The Aftermarket Air Intake Story, Part 2

Aftermarket air intakes are looked at as being a win-win modification on cars. In many cases people get one because its a cheap way to get this extra imaginary oomph. The biggest advantage would be the noise & less maintenance.

Another discussion about air intakes have spawned on evolve.ae after watching the following video:

I have been testing layouts with Short Ram intakes for two years now on my current naturally aspirated ride. I already documented my experiences in this post. Most of the time there wasn’t any significant power gain; at moments power & fuel economy reduced. Apparently the main reason to that is due to poorly laying out the intake’s filter location, ventilation hose, etc.

The real conclusion is in order to get the best gains you need to discover the perfect layout to allow for efficient air-flow, air temperature & blow-by ventilation.
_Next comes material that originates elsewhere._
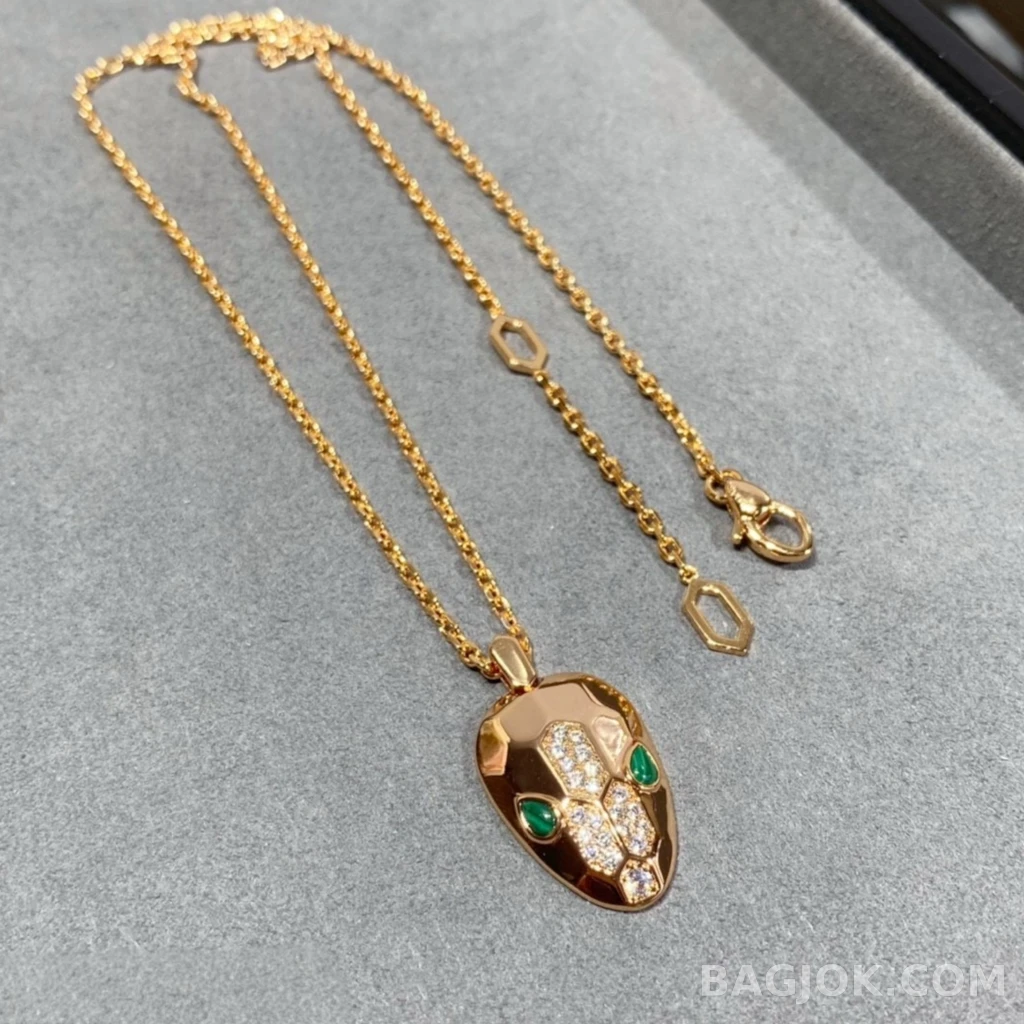 불가리 Bvlgari Serpenti Malachite 목걸이 상세 이미지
The Nissan Skyline in the above video is turbo charged and the power gains are insignificant with forced induction applications since the turbo-charger does all the induction work.

What encouraged me to go for an air intake upgrade, in the first place, was an article in the August 2003 issue of Turbo & Hi-Tech Performance magazine. The article featured a Honda Integra project with a goal to bump up the Integra’s stock power output of 160 horsepower to 200 horsepower without using forced induction while managing to pass emission tests. This was meant to be achieved by simply relying on intake, exhaust and chip tuning.

The article included performance charts, from dyno runs, comparing the engine’s power output after each modification was installed; most notable was the massive gain of 10 horsepower from theAEM cold air intake. I am not sure how it was managed but the guys who worked on the project were impressed themselves. I doubt such figures can be achieved in our super hot summer weather out of an air intake.

The first graph shows a peak output of 161.2 hp and 125.1 lb-ft of torque in stock trim. The second graph below shows a peak output of 171.3 hp and 130.5 lb-ft of torque after the AEM cold air intake was installed.

Well, the verdict would be as follows: tuning garages exist for a reason and most of them should know how to eliminate such restrictions; allowing you to make the best out of your hard earned money. Still this is one discussion that will not simply end; lots of cars out there come with a huge variety of layouts, systems and will react differently to aftermarket setups.

Finally, it is always important to learn as much as you can about any performance modification you intend to install on your vehicle; I personally learned the long hard way and I failed to achieve any proper power gains but I still want to experiment a little bit more as soon as this hell of a summer comes to an end.